**** SUPPLIED RECORDS
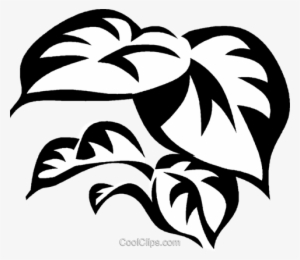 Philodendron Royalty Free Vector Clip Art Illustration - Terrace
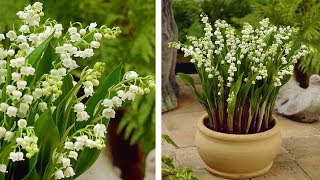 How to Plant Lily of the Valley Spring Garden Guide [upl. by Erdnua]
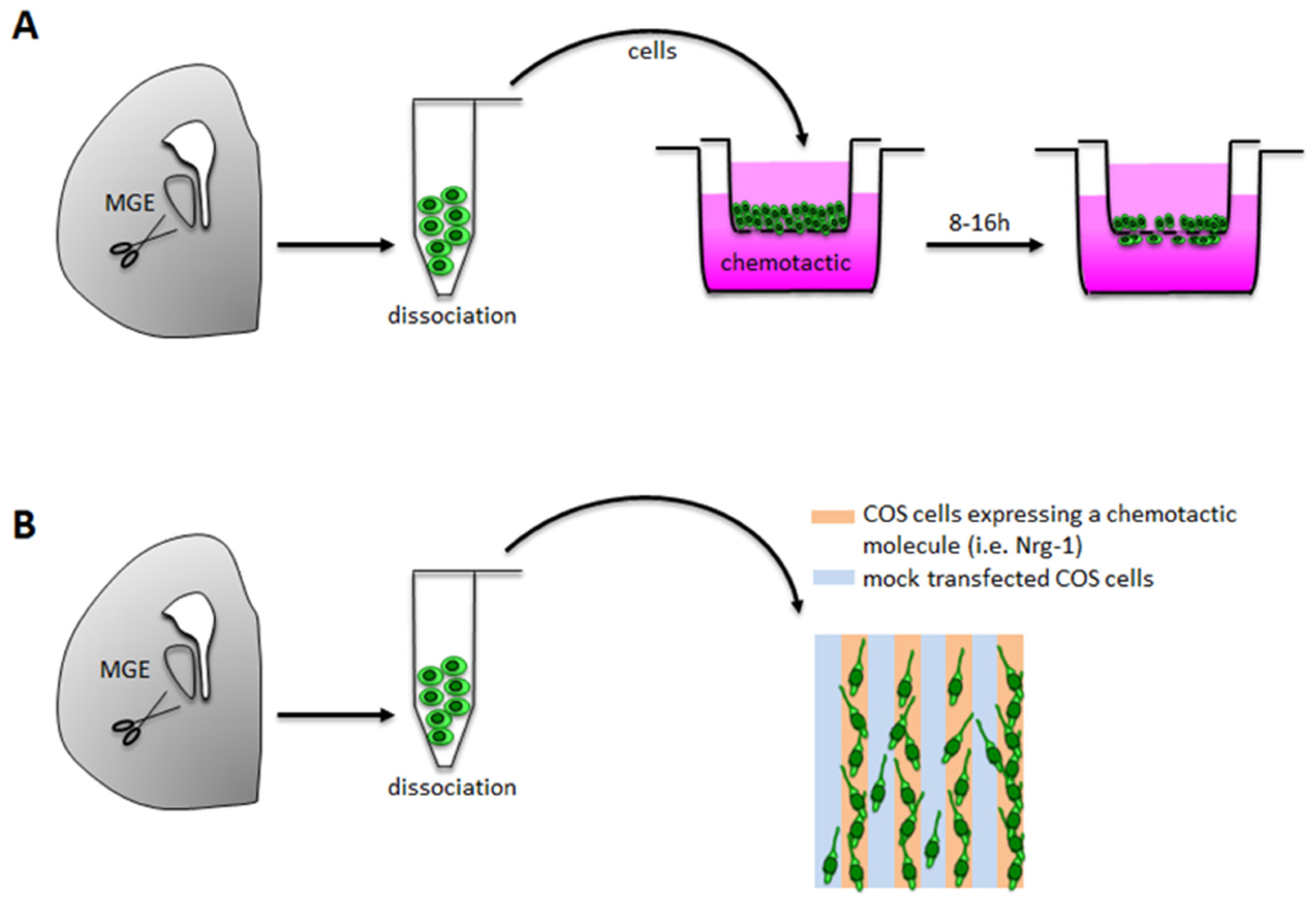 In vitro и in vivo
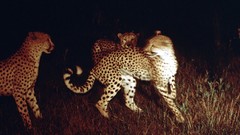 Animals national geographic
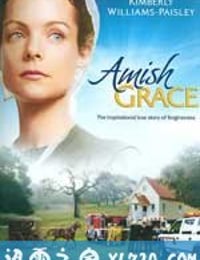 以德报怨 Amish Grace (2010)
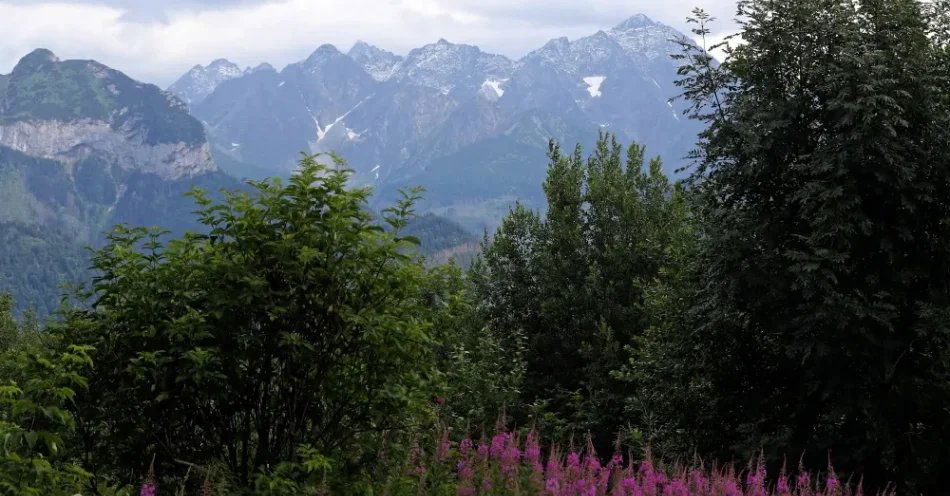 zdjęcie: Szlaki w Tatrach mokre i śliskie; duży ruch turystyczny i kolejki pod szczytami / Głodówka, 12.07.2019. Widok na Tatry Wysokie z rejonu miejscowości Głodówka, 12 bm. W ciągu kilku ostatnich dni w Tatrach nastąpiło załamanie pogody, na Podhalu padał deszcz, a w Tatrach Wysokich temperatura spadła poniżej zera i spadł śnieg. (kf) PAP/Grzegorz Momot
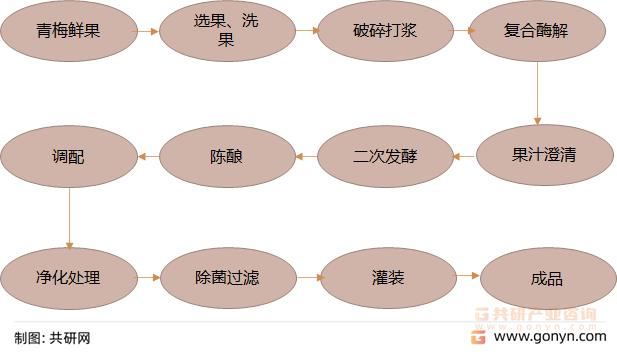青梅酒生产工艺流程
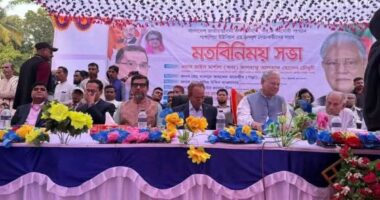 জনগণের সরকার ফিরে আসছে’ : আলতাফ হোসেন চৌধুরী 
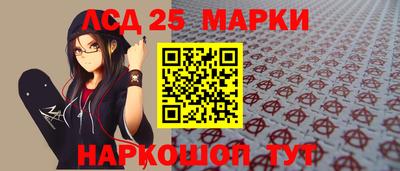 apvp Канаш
********
- [PROBLEM REQUIREMENTS]:
The whole listing above needs to be copied exactly; please keep the pictures out.

- [WRITTEN ANSWER]:
 Philodendron Royalty Free Vector Clip Art Illustration - Terrace
 How to Plant Lily of the Valley Spring Garden Guide [upl. by Erdnua]
 In vitro и in vivo
 Animals national geographic
 以德报怨 Amish Grace (2010)
 zdjęcie: Szlaki w Tatrach mokre i śliskie; duży ruch turystyczny i kolejki pod szczytami / Głodówka, 12.07.2019. Widok na Tatry Wysokie z rejonu miejscowości Głodówka, 12 bm. W ciągu kilku ostatnich dni w Tatrach nastąpiło załamanie pogody, na Podhalu padał deszcz, a w Tatrach Wysokich temperatura spadła poniżej zera i spadł śnieg. (kf) PAP/Grzegorz Momot
青梅酒生产工艺流程
 জনগণের সরকার ফিরে আসছে’ : আলতাফ হোসেন চৌধুরী 
 apvp Канаш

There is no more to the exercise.